A Dictionary of Greek and Roman biography and mythology

Smith, William

A Dictionary of Greek and Roman biography and mythology. William Smith, LLD, ed. 1890

a daughter of the dictator L. Cornelius Sulla by his fourth wife, Caecilia Metella, and twin sister of Faustus Cornelius Sulla, was born not long before B. C. 88, the year in which Sulla obtained his first consulship ; and she and her brother received the names of Fausta and Faustus respectively, on account of the good fortune of their father. Fausta was first married to C. Memmius, and probably at a very early age, as her son, C. Memmius, was one of the nobles who supplicated the judges on behalf of Scaurus in B. C. 54. After being divorced by her first husband, she married, towards the latter end of B. C. 55, T. Annius Milo, and accompanied him on his journey to Lanuvium, when Clodius was murdered, B. C. 52. (Plut. Sull. 34; Cic. Att. 5.8; Ascon. in Scaur. p. 29, in Milon. p. 33, ed. Orelli.)

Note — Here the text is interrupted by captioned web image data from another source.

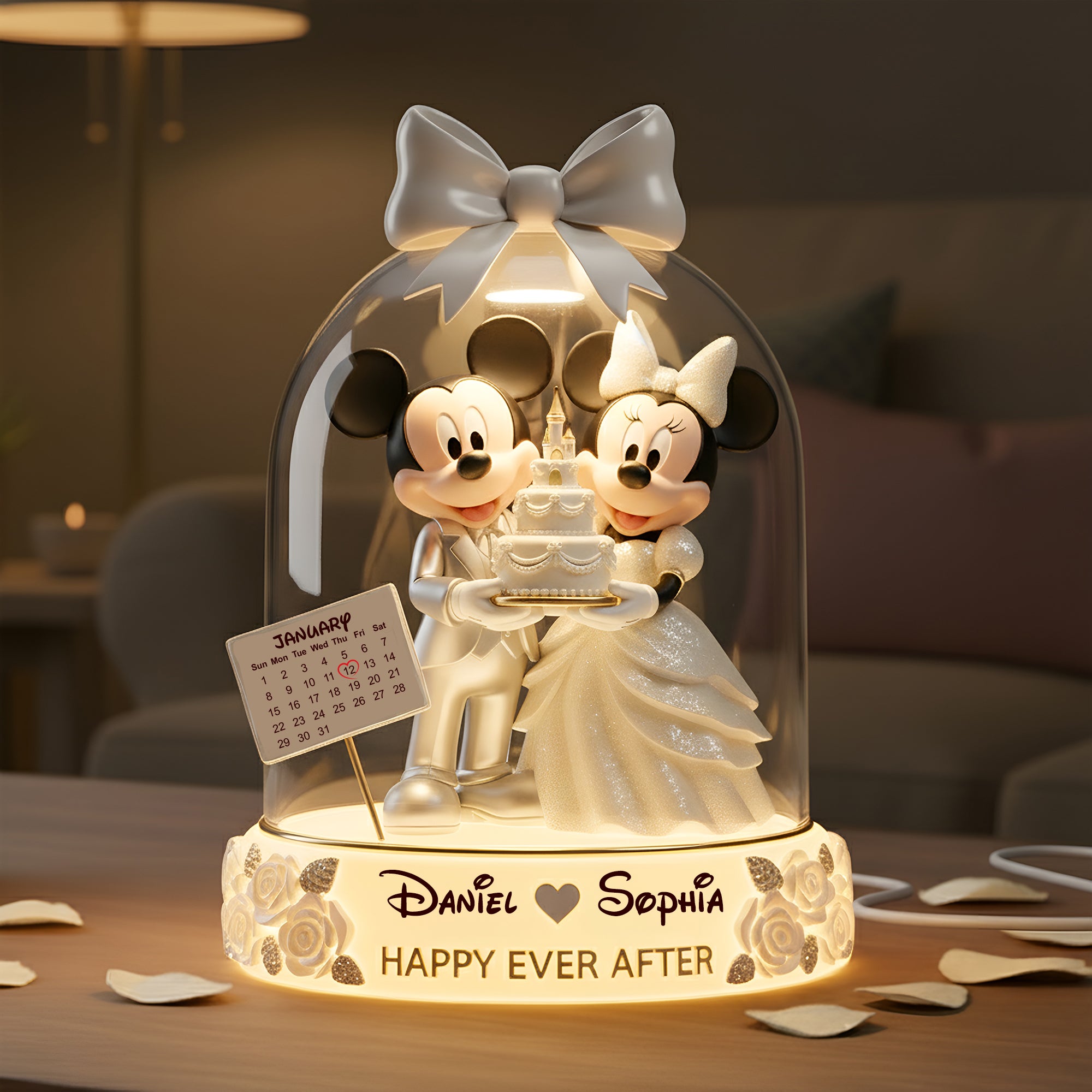 Happy Ever After: Personalized Wedding Couple Acrylic Light Box - Custom Gift for Couples Light Box PopCulturePrints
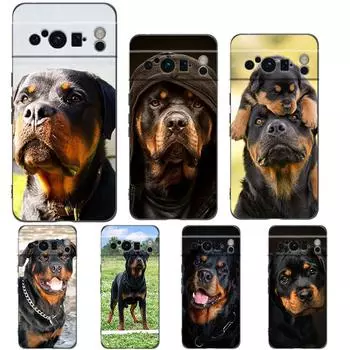 Rottweiler Dog For Google Pixel 8 7 6 Pro 6A 5G Black Phone Case Soft Shockproof Back Cover Silicone TPU Shell Coque Pixel 7 Pro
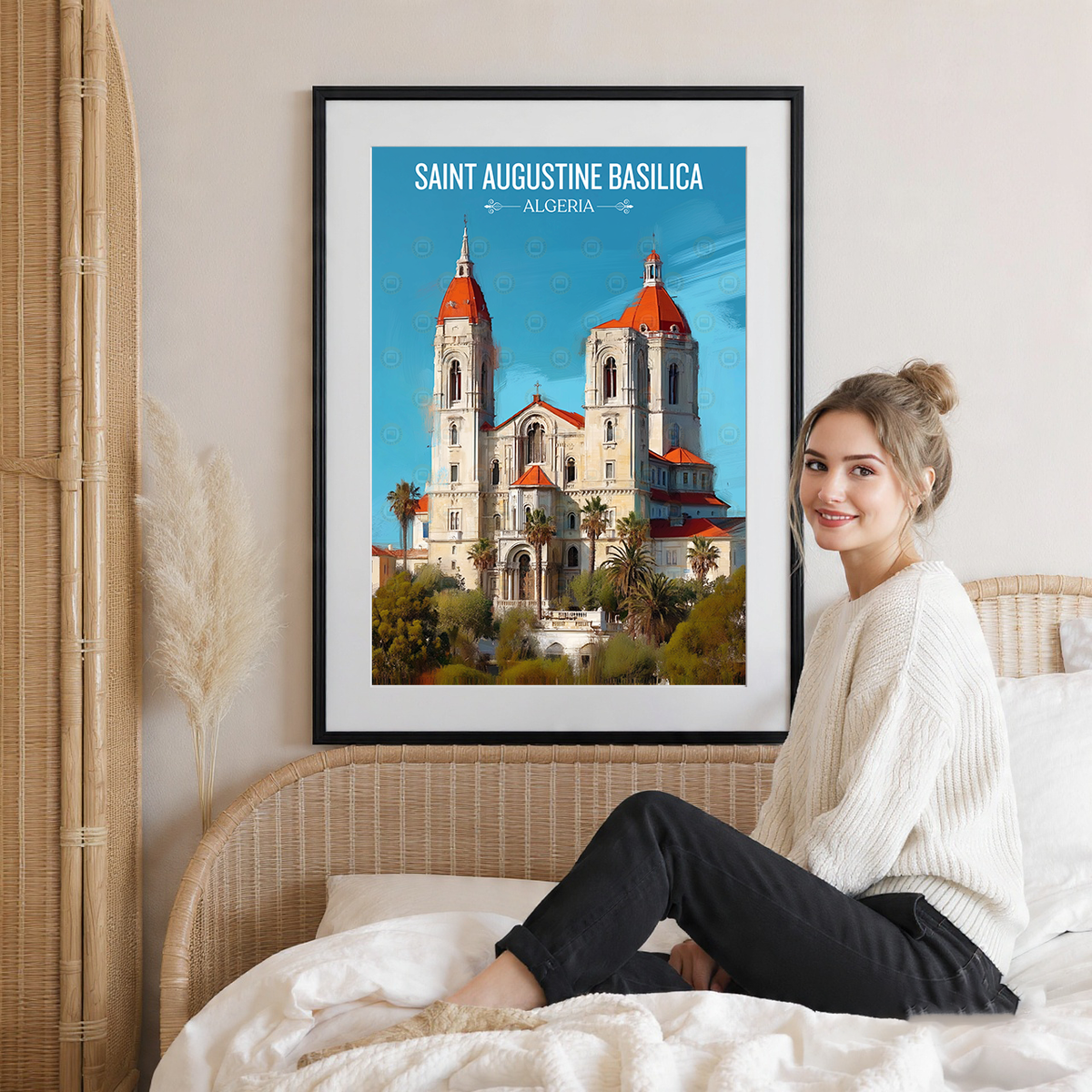 Saint Augustine Basilica - Algeria - Travel Poster Vintage Style Wall Art Print - Art Print - Travel Art Poster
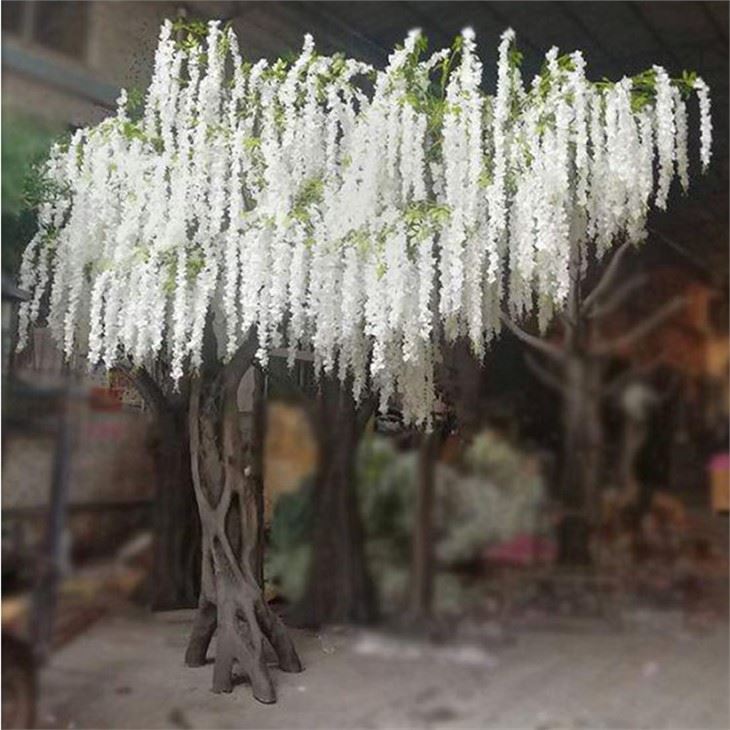 Árbol de glicina artificial de boda blanca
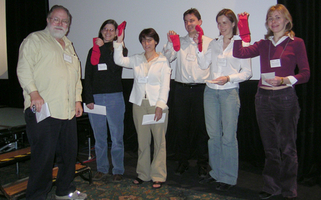 Jim York with the winners of the poster session, from left to right: Margaret Beck, Maria Leite, Marco Thiel, Maria Carmen Romano, and Yulia Timofeeva; photograph by Bernd Krauskopf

Fausta was infamous for her adulteries, and the historian Sallust is said to have been one of her paramours, and to have received a severe flogging from Milo, when he was detected on one occasion in the house of the latter in the disguise of a slave. (Gel. 17.18; Serv. ad Virg. Aen. 6.612.) The "Villius in Fausta Sullae gener" (Hor. Sat. 1.2. 64), who was another of her favourites, was probably the Sex. Villius who is mentioned by Cicero (Cic. Fam. 2.6.) as a friend of Milo; and the names of two more of her gallants are handed down by Macrobius (Saturn. 2.2) in a bon mot of her brother Faustus.